When Mamá told Cassandra, Cassandra was hysterical, covering her ears, yelling for Mamá not to tell her anything else, ever. She was done hearing about Colombia. She needed to concentrate on excelling at school. She needed to attend events for all the different clubs she belonged to. She needed to apply herself, and be smarter than everyone else in order to take cracks at a system that was not made for her so that the system yielded what she wanted: scholarships, travel, opportunities, a life of her own.
Mamá took me on a bus to the ocean. She held my hand as she bent by the shore collecting stones. “Have you ever wondered why the ocean is salty?”
I pushed the hot sand on top of my foot.
“See how royal,” Mamá pointed. We stood staring at the lull of the waves, then we sat. The white of the ocean was hallucinatory. As we sat there, sea salt coated the flesh of my lips, my hair, my lashes.
“The secret is to carry what you were given with grace.” She pointed to the horizon. “Like that. What do you see?”
I stared where she pointed, but I didn’t move or answer. I saw that the ocean was inhuman.
I started stealing salt packets again like I’d done in Venezuela. I snapped them up from the condiment station at McDonald’s when the workers weren’t looking. I wet my finger, coated my finger, and sucked. The salt was something I could feel.
Another year, another twelve more cassette tapes to the radio.
* * *
Just before I turned fifteen and Cassandra turned seventeen, Cassandra said she didn’t want to make any more recordings because it hurt her too much to have one-sided conversations with a ghost. Papá was gone, we needed to admit it. Mamá slapped Cassandra. I glared at her, her downcast eyes visible through the strands of hair that had flicked across her face. Who did she think she was? I wanted to slap her too. Cassandra was calm and said she was done living in the past, she couldn’t keep living two lives at once, and I yelled, “This is the present, Cassandra! Papá is alive—” and Cassandra said, “Are you sure he’s alive?” She waited a moment and added, “You don’t know, do you?” And Mamá was stabbing at her chest saying, “I can feel it, I can feel it.”

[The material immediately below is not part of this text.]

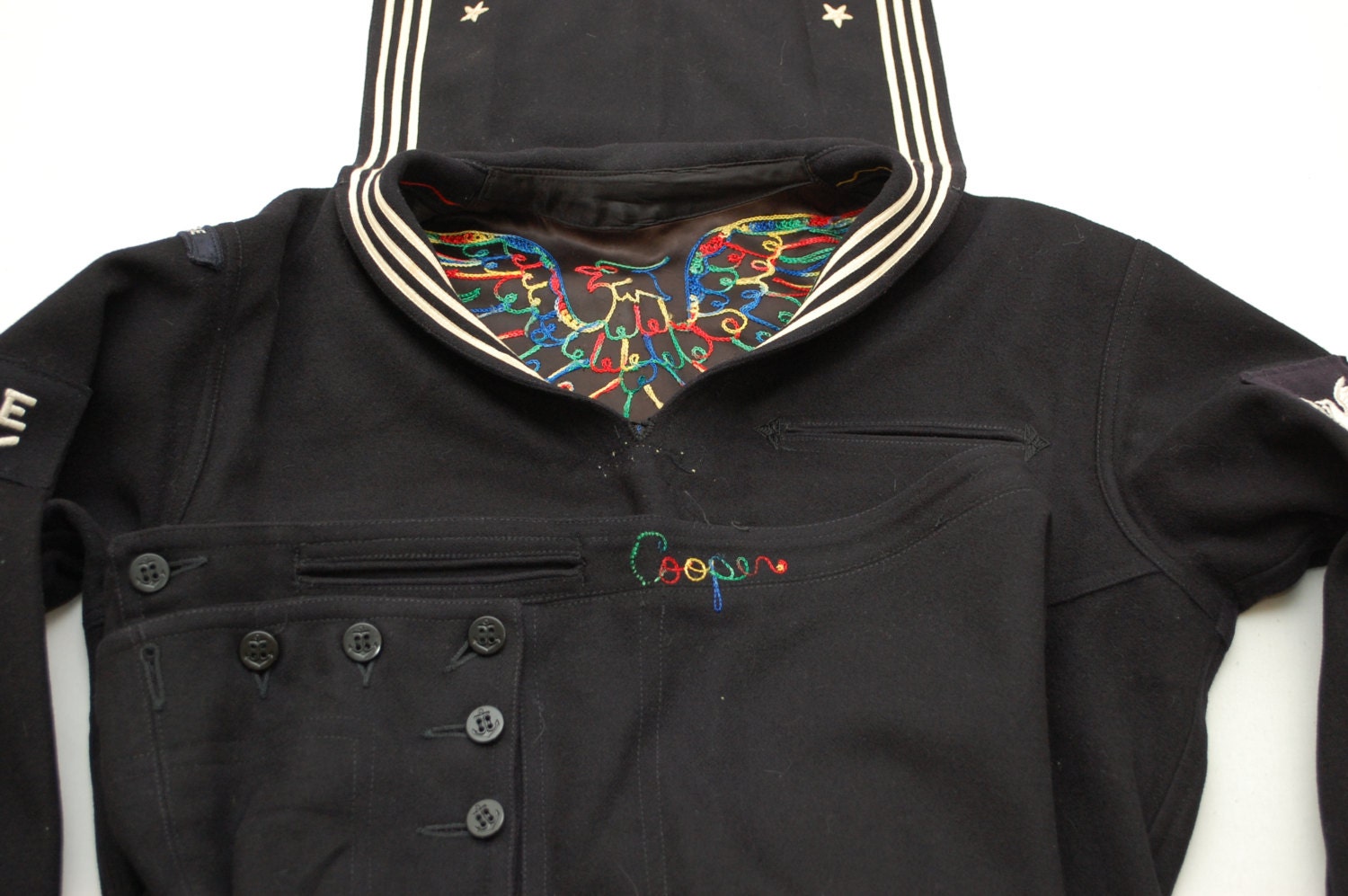 Vintage U.S. Navy Crackerjack Uniform middy and pants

Cassandra had won a scholarship to attend college across the city, and that summer she got a job as a secretary at a dentist’s office to make extra money. In our recordings to Papá, Mamá told him Cassandra was going to business school, he would be so proud of her, and I told him I was washing hair at the beauty salon where Mamá did nails. I told him Mamá was everyone’s favorite because they loved to hear her stories. Remember her stories? I asked Papá. Remember all those nights we stayed up hearing her tell her stories?
Every night without fail, Mamá brushed Papá’s old coat, muttering, He is not gone, he will return, any day now, and I thought about how I’d had no answer when Cassandra asked if I was sure Papá was alive. The truth was I wasn’t sure. But I couldn’t assume him dead. How could I do such a thing?
Two weeks went by and then Cassandra ripped the coat from Mamá’s hands and threw it on the ground. “What about when we were all together and you betrayed Papá with that man?”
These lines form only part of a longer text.